In Benghazi hearing, State Dept. concedes "we have to do better"

The Senate Foreign Relations Committee holds a hearing with State Department Deputy Secretary of State William Burns, left, who is in charge of policy, and Deputy Secretary of State Thomas Nides, right, who is in charge of management, after an independent review panel said serious bureaucratic mismanagement was responsible for inadequate security at the mission in Benghazi, Libya, where the U.S. ambassador and three other Americans were killed on Sept. 11, on Capitol Hill in Washington, Thursday, Dec. 20, 2012. AP Photo/J. Scott Applewhite

Amid ongoing controversy surrounding the September 11 attacks in Benghazi that left four Americans dead, State Department officials acknowledged today that "mistakes occurred" regarding the security situation in Libya, and pledged the department is taking immediate action to correct "systemic problems" that may have prevented the department from preempting the attacks.

"We've learned some very hard, and painful lessons in Benghazi, and all are acting on them," said William Burns, deputy secretary of state, during testimony before the Senate Foreign Relations Committee. "We have to do better. We owe it to our colleagues who lost their lives in Benghazi."

Yesterday, four State Department officials either resigned or were let go after the release of a harsh report detailing the department's findings about circumstances surrounding the Benghazi attack. The report accused the State Department of displaying a "lack of leadership" in burgeoning security issues in Benghazi, and argued the resulting security system "was inadequate for Benghazi and grossly inadequate to deal with the attack that took place." The report specifically pointed to "systemic failures and leadership and management deficiencies at senior levels within two bureaus." Among those who resigned were Eric Boswell, the head of diplomatic security at the State Department.

Today, Burns and Thomas Nides, deputy secretary of state for management and resources, testified before House and Senate committees about what went wrong -- and what is being done going forward to prevent similar breaches of security.
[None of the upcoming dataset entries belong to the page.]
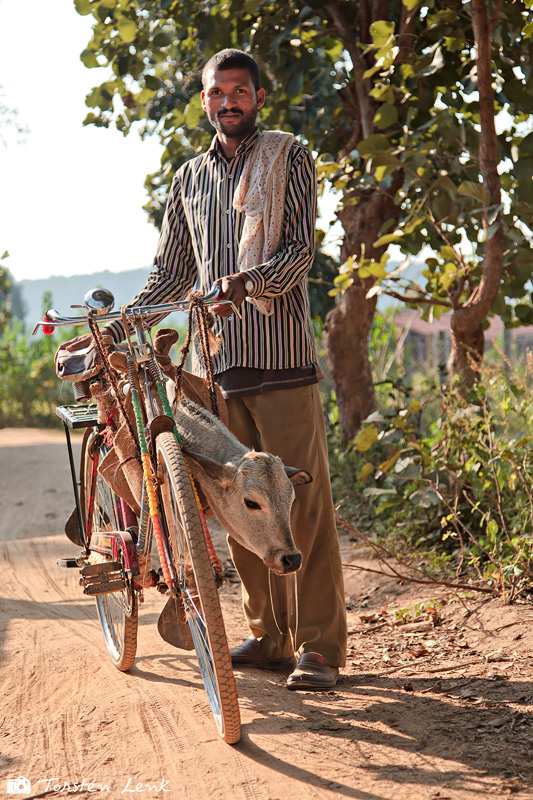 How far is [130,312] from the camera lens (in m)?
2.42

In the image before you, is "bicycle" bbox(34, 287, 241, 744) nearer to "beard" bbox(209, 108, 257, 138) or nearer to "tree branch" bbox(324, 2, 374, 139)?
"beard" bbox(209, 108, 257, 138)

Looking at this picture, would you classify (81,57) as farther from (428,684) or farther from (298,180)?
(428,684)

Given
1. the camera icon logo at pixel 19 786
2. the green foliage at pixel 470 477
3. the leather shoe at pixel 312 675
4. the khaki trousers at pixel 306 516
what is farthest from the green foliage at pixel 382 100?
the camera icon logo at pixel 19 786

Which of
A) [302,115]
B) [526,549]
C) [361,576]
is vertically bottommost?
[361,576]

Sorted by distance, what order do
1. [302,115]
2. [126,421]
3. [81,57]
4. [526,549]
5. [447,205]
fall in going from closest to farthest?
[126,421] → [526,549] → [447,205] → [81,57] → [302,115]

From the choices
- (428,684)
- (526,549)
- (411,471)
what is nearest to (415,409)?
(411,471)

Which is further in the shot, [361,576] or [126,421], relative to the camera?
[361,576]

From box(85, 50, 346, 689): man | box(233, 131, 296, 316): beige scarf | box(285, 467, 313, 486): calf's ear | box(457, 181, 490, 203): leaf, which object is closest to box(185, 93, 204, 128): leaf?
box(457, 181, 490, 203): leaf

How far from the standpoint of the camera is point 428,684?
2768mm

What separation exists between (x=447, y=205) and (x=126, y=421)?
7.77ft

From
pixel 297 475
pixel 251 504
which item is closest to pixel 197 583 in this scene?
pixel 251 504

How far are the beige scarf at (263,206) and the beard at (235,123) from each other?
0.12 m

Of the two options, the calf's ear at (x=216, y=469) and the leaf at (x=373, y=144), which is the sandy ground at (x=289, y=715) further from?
the leaf at (x=373, y=144)

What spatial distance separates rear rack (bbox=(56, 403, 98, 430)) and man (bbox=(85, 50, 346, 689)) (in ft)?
1.12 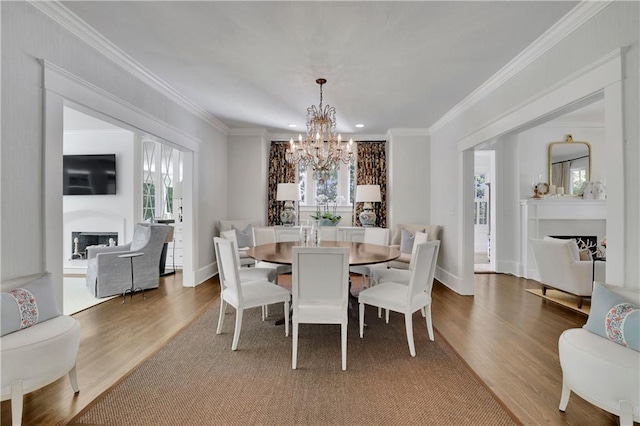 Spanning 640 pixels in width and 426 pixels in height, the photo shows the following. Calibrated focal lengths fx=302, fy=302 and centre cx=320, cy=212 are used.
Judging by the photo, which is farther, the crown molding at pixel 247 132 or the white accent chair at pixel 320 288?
the crown molding at pixel 247 132

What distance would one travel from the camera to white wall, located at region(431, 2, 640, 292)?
1.84 metres

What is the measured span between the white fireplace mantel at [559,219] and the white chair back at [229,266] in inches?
202

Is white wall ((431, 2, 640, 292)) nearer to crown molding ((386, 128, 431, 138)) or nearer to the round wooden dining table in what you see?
crown molding ((386, 128, 431, 138))

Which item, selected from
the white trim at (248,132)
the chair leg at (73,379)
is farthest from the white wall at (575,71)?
the chair leg at (73,379)

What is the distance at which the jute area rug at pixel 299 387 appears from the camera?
174 cm

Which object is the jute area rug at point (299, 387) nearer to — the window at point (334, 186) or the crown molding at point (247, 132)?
the window at point (334, 186)

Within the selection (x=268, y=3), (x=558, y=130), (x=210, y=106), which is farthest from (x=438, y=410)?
(x=558, y=130)

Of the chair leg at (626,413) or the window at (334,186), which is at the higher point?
the window at (334,186)

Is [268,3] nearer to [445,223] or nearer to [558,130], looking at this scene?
[445,223]

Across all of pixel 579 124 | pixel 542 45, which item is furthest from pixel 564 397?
pixel 579 124

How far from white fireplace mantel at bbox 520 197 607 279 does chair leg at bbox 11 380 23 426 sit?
638cm

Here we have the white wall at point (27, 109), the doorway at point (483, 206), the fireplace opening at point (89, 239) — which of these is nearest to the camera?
the white wall at point (27, 109)

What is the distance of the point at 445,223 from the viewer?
4801 millimetres

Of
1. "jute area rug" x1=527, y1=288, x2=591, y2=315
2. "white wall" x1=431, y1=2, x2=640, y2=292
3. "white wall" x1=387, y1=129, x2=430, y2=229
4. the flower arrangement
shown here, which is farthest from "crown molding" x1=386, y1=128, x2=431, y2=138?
"jute area rug" x1=527, y1=288, x2=591, y2=315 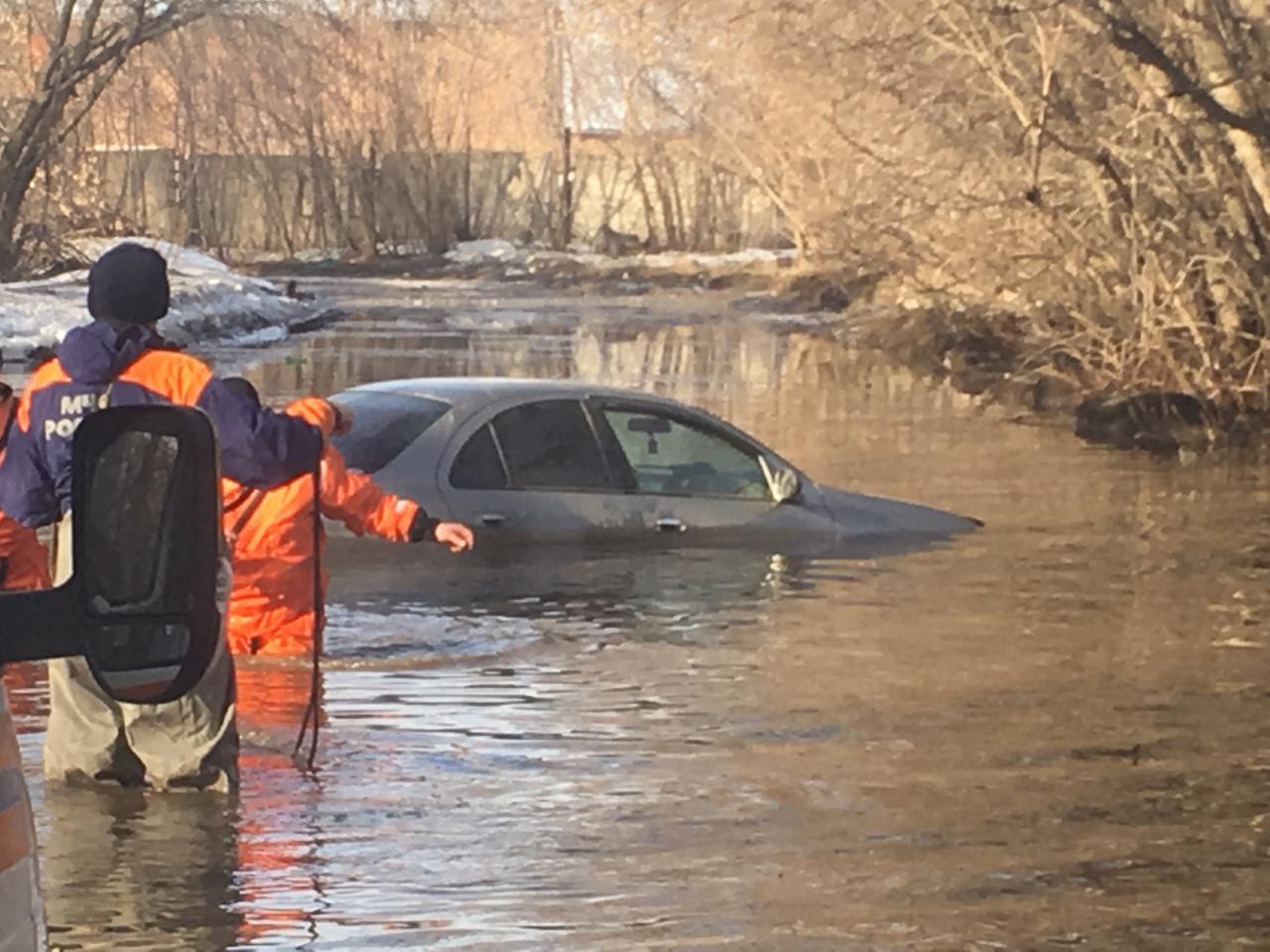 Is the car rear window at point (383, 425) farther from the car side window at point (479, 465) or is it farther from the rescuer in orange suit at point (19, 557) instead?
the rescuer in orange suit at point (19, 557)

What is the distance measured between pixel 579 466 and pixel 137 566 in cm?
1008

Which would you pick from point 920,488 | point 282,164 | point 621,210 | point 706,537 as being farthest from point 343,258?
point 706,537

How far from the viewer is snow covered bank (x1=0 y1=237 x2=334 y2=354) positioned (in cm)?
3014

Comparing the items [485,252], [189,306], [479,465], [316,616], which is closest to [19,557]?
[316,616]

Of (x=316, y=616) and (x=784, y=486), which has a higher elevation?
(x=784, y=486)

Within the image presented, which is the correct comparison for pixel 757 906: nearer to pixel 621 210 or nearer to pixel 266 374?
pixel 266 374

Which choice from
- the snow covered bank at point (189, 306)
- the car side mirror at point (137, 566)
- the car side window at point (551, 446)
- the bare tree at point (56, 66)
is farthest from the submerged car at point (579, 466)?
the bare tree at point (56, 66)

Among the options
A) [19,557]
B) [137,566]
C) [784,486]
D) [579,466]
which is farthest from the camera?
[784,486]

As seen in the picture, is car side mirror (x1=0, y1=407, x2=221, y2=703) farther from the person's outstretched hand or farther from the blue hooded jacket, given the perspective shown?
the person's outstretched hand

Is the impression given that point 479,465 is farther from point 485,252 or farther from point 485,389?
point 485,252

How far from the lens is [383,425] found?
494 inches

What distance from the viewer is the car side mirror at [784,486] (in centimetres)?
1361

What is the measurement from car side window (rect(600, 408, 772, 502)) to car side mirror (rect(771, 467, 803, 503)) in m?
0.05

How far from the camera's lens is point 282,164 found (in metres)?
63.0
Secretary of State Hillary Clinton had been slated to appear before both committees, but canceled several days ago due to illness and a recent concussion.

In their Senate testimonies, both Nides and Burns conceded the department's mistakes on Benghazi, but stressed the hard work of officials who maintain the peace "99 percent" of the time.

"We need to look at those mistakes. We need to examine those mistakes. We need to take ourselves accountable for those mistakes, and we need to figure out how to make sure this does not happen again," said Nides. Still, he said, "we have over 275 posts around the world. Our men and women are in danger all over the world and we attempt to try to do this 100 percent and we hope that this ARB and the recommendations, we will actually learn from them, and determine to make sure this does not happen again."

"We get this right about 99 percent of the time," he said. "We'd like to be at 100 percent, without question."

Both were questioned about the extent to which State Department officials had been aware of security complaints coming out of Benghazi, as well as whether there had been broader warning signs of a potential attack.

Burns cited a "troubling pattern" of "deteriorating security in eastern Libya," and that "we did not do a good enough job, as the report highlights, in trying to connect the dots between that troubling pattern, even in the absence of an immediate tactical threat."

"There has been a tendency -- not just in the case of eastern Libya, but I think across the world in recent years -- for us to focus too much on specific credible threats and sometimes lose the forest for the trees," he said . "I think that's something that, you know, we were painfully reminded of in the case of the Benghazi attack, and we need to do better at."

He said he was not sure exactly how much Secretary of State Hillary Clinton had been made aware of the deteriorating security situation in Benghazi, nor was he sure precisely who saw a series of cables on the same subject.

"As Secretary Clinton has said, all of us as senior leaders in the department are accountable and responsible for what happened. And I certainly fault myself," said Burns. "You know, I accompanied the remains of my four colleagues back after the attack in Benghazi... And on that long flight home, I certainly had a lot of time to think about sharper questions that I could have asked, sharper focus that I could have provided."

Nides pointed out that the department was moving quickly to implement the 29 recommendations outlined in the ARB report, and that they hoped to implement a number of those recommendations before the end of the year.

"The task force has already met to translate the recommendation into actual 60 specific action items. We've assigned every single one to the responsible bureau for immediate implementation and several will be completed by the end of this calendar year," he said. "At Secretary Clinton's direction, we have moved quickly to conduct a worldwide review of our overall security posture with meticulous scrutiny of a number of high threat posts."

In the meantime, however, Sen. John Kerry, D-Mass., the chairman of the Senate Foreign Relations Committee who is widely believed to be next in line to be Secretary of State, emphasized the importance of maintaining a diplomatic presence abroad that is both secure and open.

"There's a truth about diplomacy and foreign service that needs to be processed through the committee and the Congress and the country as we examine the events of Benghazi," he said. "Our challenge is to strike a balance between the necessity of the mission, available resources and tolerance for risk."